MHN: What are the implications of the clarifications of HVCRE regulation for bank and non-bank lenders?
Loubier: The bill will allow distribution of internally-generated capital during the life of the project provided the 15 percent equity contribution is maintained. The bill will allow the borrower to count the appraised value of the land as determined under FIRREA (The Financial Institutions Reform, Recovery, and Enforcement Act of 1989) standards, rather than a lower book value, when calculating the equity contribution. The rule would no longer apply to many bridge loans by removing loans financing improvements to existing income-producing property if the existing cash flow is sufficient to support the debt service and expenses of the real property loan collateral.

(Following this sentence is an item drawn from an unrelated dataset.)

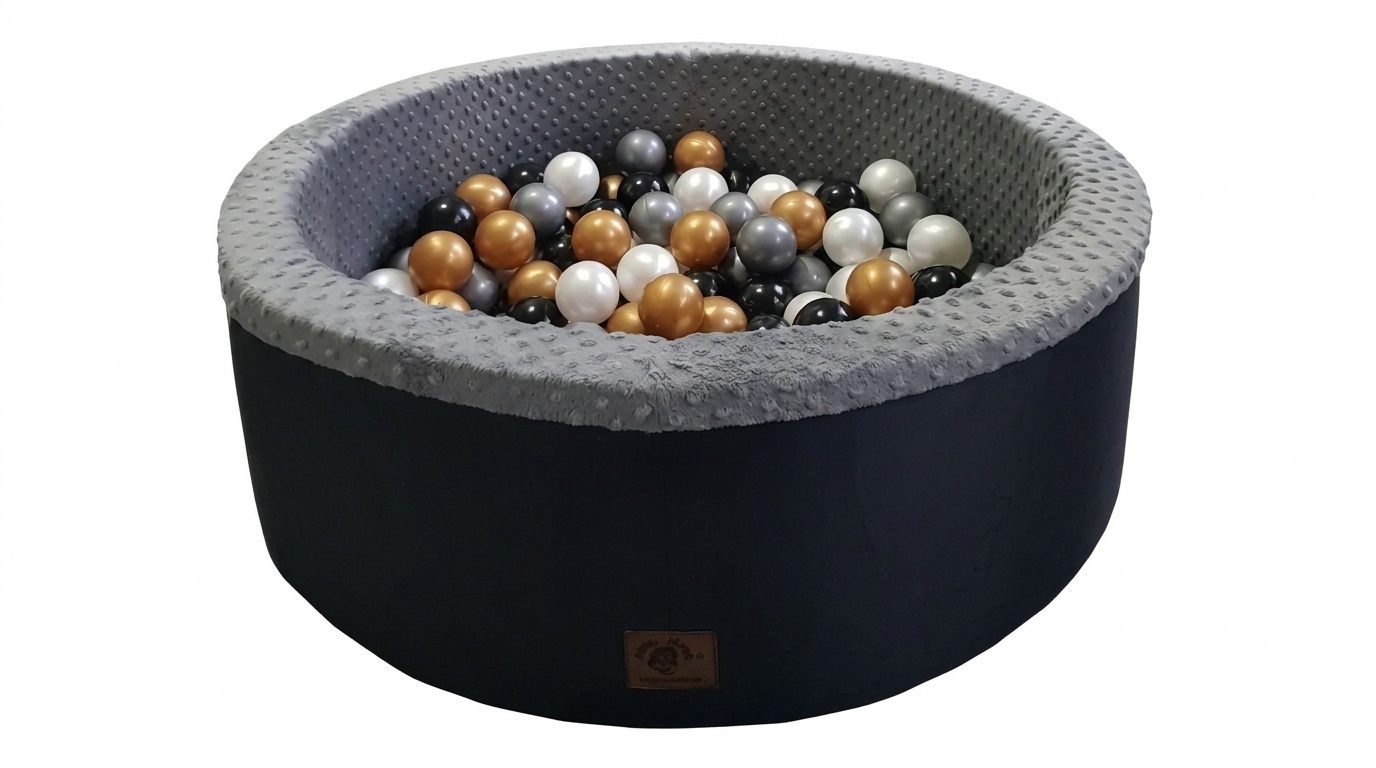 Ballenbak grafiet - 90 x 30 cm - 200 ballen Ø 7 cm - Multi gekleurde ballen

The bill clarifies that a loan may be reclassified as non-HVCRE upon the completion of construction or development and when cash flow generated by the project is sufficient to support debt service and expenses of the property.
MHN: How would this bill create an equal opportunity for bank and non-bank lenders?

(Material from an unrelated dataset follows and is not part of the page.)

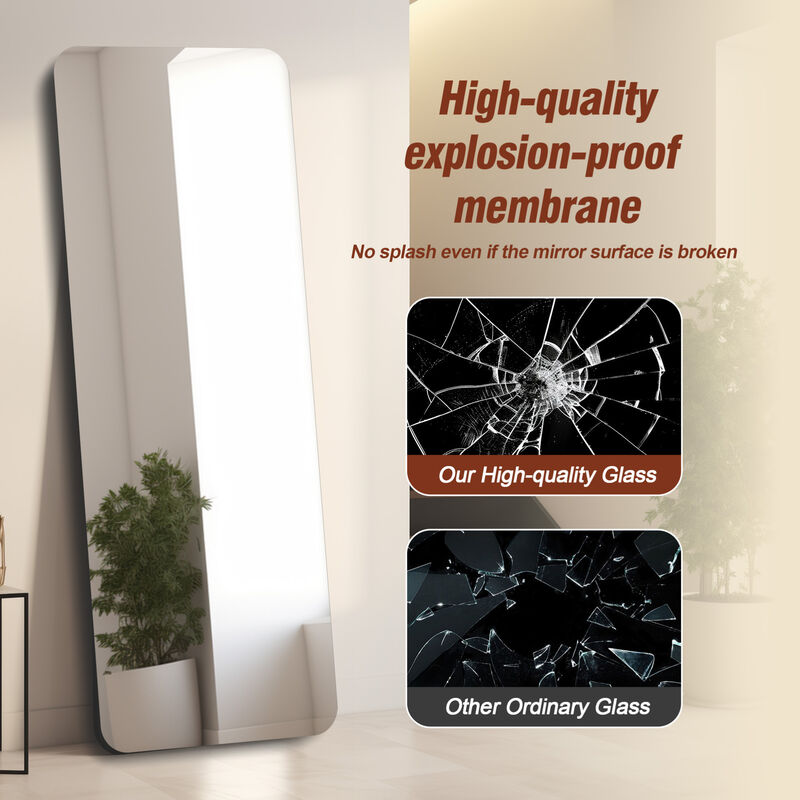ELEMENT ACE 65 Inch x 24 Inch Full Body Round Corner Wall Hanging Mirror High Definition Explosion-Proof 5mm Silver Mirror for Living Room Bedroom Cloakroom Home Use image number 9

Loubier: If the clarifications proposed are implemented, banks will benefit when loans more easily satisfy the HVCRE exceptions, thus improving the attractiveness of the loan product and reducing the regulatory burden of additional capital reserves. Non-bank lenders bring certain competitive advantages to construction and bridge lending irrespective of the bank regulatory burden. Non-bank lenders will continue therefore to play an important role, although, if banks exploit any competitive advantages of relaxed regulation, non-banks could experience somewhat stronger competition which may reduce borrower costs.

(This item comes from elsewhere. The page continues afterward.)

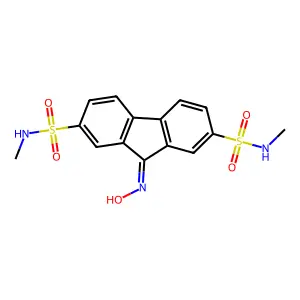 9-(hydroxyimino)-N2,N7-dimethyl-9H-fluorene-2,7-disulfonamide structure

MHN: How likely is a boost in construction lending if the bill passes?
Loubier: The impact of HVCRE regulation on the volume of construction lending has been difficult to quantify, and it is likely the advantages of relaxed regulations will be equally challenging to gauge. The release of the proposed bill demonstrates that legislators believe the HVCRE rule has complicated construction and bridge lending in ways perhaps not originally intended when the rule was created to satisfy the mandate under Dodd-Frank. Bank construction and bridge lending may increase if the bill is passed and implemented, although we should be cautious in our predictions.
MHN: What do borrowers need to understand about establishing and maintaining a minimum level of equity in a property?
Loubier: Borrowers need to know that, while these reforms have not been enacted, two aspects of these proposed changes will likely directly improve the terms of their loans. The current appraised value of the property (not just the purchase price) may be counted toward the 15 percent equity contribution. Capital internally generated by the project would no longer be required to remain in the project.
MHN: What is the current status of the bill?
Loubier: H.R. 2148 was referred to the House Financial Services Committee on April 26, 2017. No further action has been taken. The House focused its efforts instead on passing the Financial CHOICE Act of 2017, which did not include HVCRE reform. The CHOICE Act is unlikely to pass in the Senate. Though the passing of H.R. 2148 is unlikely, it does serve as a strong template for action by the agencies to streamline the regulations.
The report issued by the U.S. Department of the Treasury on June 12, 2017, reaffirmed the administration’s commitment to HVCRE reform, as did the Joint Report to Congress, a regulatory review submitted by Comptroller of the Currency, the Board of Governors of the Federal Reserve System, the Federal Deposit Insurance Corporation and the National Credit Union Administration on March 21, 2017.